Striga and Other Lesser Known Parasitic Plants

Posted on June 16, 2022

A pest is defined as a biotic constraint that retards the successful growth and development of a crop. Examples of these constraints that are common in Uganda are insects, pathogens, weeds, rodents, mites, and parasitic plants. 

The least addressed of these are the parasitic plants. In Uganda, the most well-known parasitic plant is the witch weed (Striga sp.), which is a common sight in the eastern and northern regions of the country in fields with maize, sorghum and other grain crops. 

Striga is a serious pest and yield losses of 60–85% have been reported in grain crops. Research within the country and the region has developed measures to manage the pest, such as the use of push-pull technology and the use of resistant crop varieties.

A field heavily infested with striga [Photo-Wagenungen University and Research]

However, these control measures have not been adopted by farmers. From the Dream Team officer's interactions with them, many aren’t aware of these management practices. 
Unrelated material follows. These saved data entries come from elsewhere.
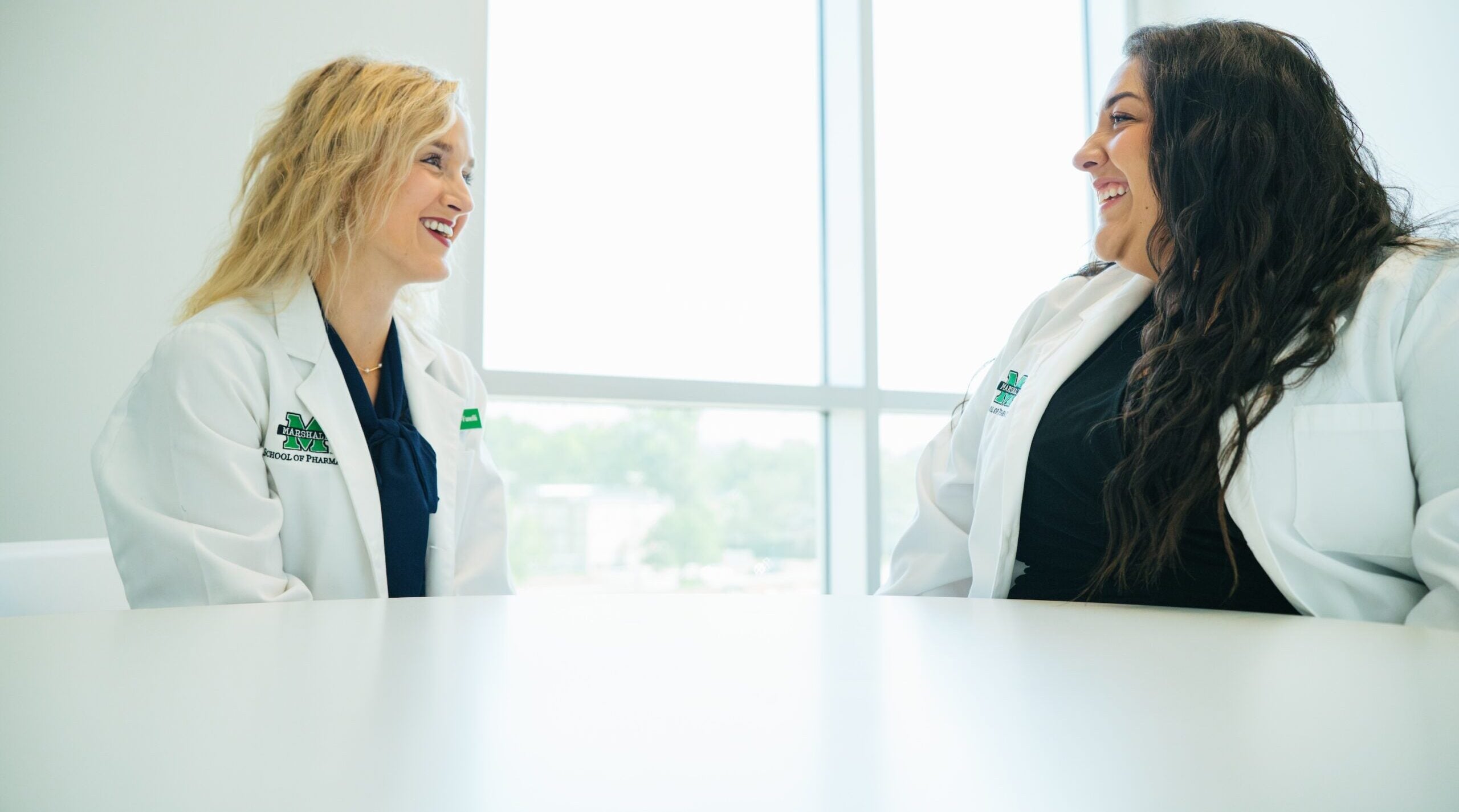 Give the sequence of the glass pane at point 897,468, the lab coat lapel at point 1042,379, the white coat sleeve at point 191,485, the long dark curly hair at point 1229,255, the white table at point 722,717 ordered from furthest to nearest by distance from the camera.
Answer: the glass pane at point 897,468 → the lab coat lapel at point 1042,379 → the white coat sleeve at point 191,485 → the long dark curly hair at point 1229,255 → the white table at point 722,717

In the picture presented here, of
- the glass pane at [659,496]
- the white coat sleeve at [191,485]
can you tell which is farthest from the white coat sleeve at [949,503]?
the glass pane at [659,496]

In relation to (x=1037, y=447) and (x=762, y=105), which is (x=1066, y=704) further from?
(x=762, y=105)

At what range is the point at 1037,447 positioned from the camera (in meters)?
1.43

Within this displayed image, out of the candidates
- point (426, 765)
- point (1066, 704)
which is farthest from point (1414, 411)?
point (426, 765)

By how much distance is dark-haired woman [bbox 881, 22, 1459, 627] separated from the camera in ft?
3.52

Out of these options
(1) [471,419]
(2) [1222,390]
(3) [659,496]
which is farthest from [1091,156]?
(3) [659,496]

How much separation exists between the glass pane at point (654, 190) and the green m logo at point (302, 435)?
1.57m

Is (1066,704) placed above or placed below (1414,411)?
below

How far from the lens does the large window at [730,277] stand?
3.20 meters

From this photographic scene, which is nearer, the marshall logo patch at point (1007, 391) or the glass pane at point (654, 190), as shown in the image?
the marshall logo patch at point (1007, 391)

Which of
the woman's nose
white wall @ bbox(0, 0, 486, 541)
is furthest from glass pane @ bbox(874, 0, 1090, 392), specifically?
white wall @ bbox(0, 0, 486, 541)

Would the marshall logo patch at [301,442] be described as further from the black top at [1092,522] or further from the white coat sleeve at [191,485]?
the black top at [1092,522]

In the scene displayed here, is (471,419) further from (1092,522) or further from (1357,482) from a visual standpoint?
(1357,482)

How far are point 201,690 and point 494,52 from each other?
10.0 feet
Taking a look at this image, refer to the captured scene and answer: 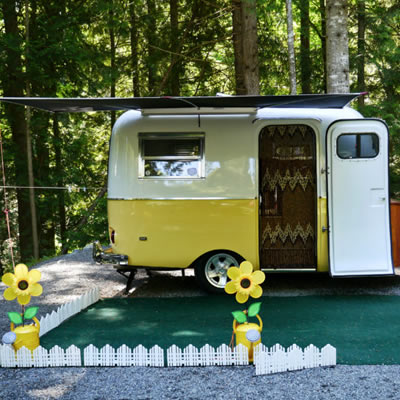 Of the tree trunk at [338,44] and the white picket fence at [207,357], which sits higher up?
the tree trunk at [338,44]

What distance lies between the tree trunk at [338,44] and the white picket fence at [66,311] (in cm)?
509

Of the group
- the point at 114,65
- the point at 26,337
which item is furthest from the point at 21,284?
the point at 114,65

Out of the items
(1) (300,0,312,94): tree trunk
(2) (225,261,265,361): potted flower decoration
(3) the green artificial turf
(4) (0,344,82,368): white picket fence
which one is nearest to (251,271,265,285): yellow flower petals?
(2) (225,261,265,361): potted flower decoration

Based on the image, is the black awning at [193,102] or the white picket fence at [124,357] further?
the black awning at [193,102]

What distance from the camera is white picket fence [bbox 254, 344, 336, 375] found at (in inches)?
171

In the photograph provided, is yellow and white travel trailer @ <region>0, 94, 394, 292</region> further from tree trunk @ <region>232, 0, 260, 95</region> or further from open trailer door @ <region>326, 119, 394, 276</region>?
tree trunk @ <region>232, 0, 260, 95</region>

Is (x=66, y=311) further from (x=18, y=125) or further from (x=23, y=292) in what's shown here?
(x=18, y=125)

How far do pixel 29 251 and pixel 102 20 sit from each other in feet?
20.8

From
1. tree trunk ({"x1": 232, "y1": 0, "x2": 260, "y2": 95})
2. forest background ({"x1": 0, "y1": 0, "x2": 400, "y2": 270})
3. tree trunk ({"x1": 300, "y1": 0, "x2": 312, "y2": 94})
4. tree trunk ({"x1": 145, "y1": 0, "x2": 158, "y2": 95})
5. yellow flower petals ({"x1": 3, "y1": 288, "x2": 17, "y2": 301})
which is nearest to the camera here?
yellow flower petals ({"x1": 3, "y1": 288, "x2": 17, "y2": 301})

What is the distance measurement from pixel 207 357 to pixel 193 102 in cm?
318

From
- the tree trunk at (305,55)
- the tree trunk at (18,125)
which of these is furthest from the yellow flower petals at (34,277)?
the tree trunk at (305,55)

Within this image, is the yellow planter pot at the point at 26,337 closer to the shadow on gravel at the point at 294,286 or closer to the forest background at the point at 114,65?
the shadow on gravel at the point at 294,286

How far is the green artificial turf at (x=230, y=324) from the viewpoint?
5.15 meters

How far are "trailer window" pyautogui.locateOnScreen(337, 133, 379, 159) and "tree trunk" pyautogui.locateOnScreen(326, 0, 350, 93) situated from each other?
2.25 m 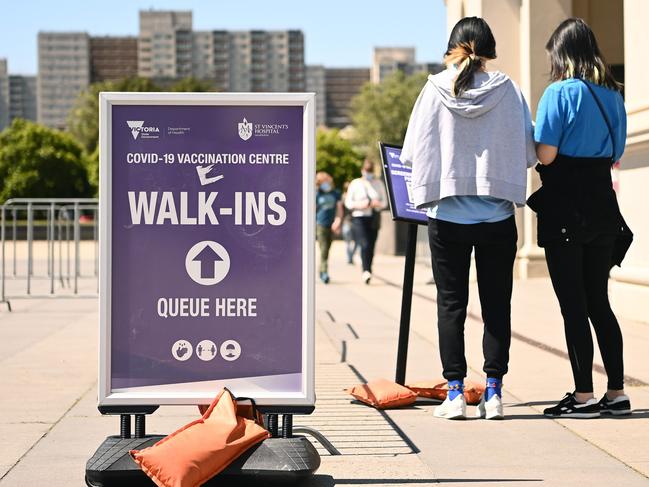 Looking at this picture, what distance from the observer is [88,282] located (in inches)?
765

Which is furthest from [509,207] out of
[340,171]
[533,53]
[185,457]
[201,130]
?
[340,171]

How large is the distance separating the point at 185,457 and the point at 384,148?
9.13 feet

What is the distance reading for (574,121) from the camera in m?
5.96

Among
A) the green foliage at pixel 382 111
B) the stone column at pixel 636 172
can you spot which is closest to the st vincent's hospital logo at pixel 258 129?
the stone column at pixel 636 172

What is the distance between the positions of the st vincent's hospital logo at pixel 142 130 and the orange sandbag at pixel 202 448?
1.06 meters

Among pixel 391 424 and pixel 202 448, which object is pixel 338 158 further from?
pixel 202 448

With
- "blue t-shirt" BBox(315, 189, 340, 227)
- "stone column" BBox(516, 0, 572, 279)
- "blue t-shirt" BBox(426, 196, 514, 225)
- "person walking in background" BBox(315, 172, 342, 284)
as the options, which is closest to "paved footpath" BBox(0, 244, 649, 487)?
"blue t-shirt" BBox(426, 196, 514, 225)

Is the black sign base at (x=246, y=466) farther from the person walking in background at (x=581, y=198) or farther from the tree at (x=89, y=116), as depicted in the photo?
the tree at (x=89, y=116)

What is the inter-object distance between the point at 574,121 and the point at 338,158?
11633 centimetres

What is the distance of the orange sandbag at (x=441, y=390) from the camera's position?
6.46 m

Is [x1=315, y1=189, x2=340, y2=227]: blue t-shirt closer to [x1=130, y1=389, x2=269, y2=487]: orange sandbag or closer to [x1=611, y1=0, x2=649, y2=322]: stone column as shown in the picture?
[x1=611, y1=0, x2=649, y2=322]: stone column

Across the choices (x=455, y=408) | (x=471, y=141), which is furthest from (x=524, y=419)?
(x=471, y=141)

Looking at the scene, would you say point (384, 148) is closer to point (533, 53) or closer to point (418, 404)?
point (418, 404)

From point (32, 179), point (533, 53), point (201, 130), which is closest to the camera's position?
point (201, 130) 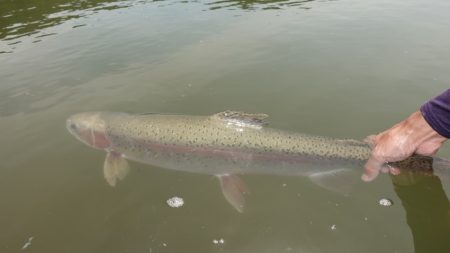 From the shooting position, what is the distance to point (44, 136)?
6.05m

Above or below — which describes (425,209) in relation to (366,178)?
below

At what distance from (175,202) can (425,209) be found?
2915mm

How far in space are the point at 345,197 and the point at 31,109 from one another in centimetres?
551

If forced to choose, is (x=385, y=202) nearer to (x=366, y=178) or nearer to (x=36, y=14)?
(x=366, y=178)

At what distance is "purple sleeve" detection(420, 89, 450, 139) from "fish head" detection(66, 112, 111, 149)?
13.4 ft

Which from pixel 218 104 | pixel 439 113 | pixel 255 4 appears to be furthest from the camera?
pixel 255 4

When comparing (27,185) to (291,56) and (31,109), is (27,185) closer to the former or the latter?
(31,109)

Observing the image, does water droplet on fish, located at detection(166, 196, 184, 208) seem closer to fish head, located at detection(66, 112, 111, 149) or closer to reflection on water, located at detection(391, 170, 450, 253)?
fish head, located at detection(66, 112, 111, 149)

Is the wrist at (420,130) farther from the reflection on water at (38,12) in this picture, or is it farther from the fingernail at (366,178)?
the reflection on water at (38,12)

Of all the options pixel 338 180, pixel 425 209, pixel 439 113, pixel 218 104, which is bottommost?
pixel 425 209

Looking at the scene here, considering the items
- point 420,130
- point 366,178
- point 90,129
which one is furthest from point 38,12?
point 420,130

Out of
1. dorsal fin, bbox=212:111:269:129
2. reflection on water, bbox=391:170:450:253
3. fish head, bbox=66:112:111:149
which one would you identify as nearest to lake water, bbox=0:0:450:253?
reflection on water, bbox=391:170:450:253

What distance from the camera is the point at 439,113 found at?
11.4 ft

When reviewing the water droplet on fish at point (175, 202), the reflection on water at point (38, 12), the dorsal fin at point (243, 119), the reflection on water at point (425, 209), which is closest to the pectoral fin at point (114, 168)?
the water droplet on fish at point (175, 202) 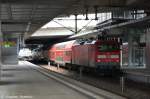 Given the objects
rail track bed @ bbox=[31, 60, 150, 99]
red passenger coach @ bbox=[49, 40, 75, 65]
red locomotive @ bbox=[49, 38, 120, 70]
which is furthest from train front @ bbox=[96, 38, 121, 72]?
red passenger coach @ bbox=[49, 40, 75, 65]

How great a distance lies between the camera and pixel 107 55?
38719 millimetres

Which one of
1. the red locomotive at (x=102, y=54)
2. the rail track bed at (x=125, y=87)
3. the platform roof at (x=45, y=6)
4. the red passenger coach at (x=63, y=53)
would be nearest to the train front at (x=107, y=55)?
the red locomotive at (x=102, y=54)

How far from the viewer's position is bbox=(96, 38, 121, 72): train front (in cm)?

The farmers who try to control the pest do so by crop rotation. This is also proving ineffective because of land fragmentation that limits farmers’ ability to implement an effective rotational schedule coupled with the ability of Striga sp. seeds to remain viable in the soil seed bank for over 10 years. The problem posed by Striga sp. looks set to continue or worsen because this pest thrives in infertile soils where continuous cropping and minimal fertilisation of the soils by farmers accelerates the soil fertility loss. 

PlantVillage has reported success with trailing Striga sp. control methods, particularly the use of push-pull technology and a technology called Kachawi Kill, which has proved effective in the management of this parasitic weed in Kenya. Potentially, this may provide a suitable solution for management of Striga sp. in Uganda because, unlike the push-pull method, it doesn’t require considerable space and a significant level of expertise by the farmers.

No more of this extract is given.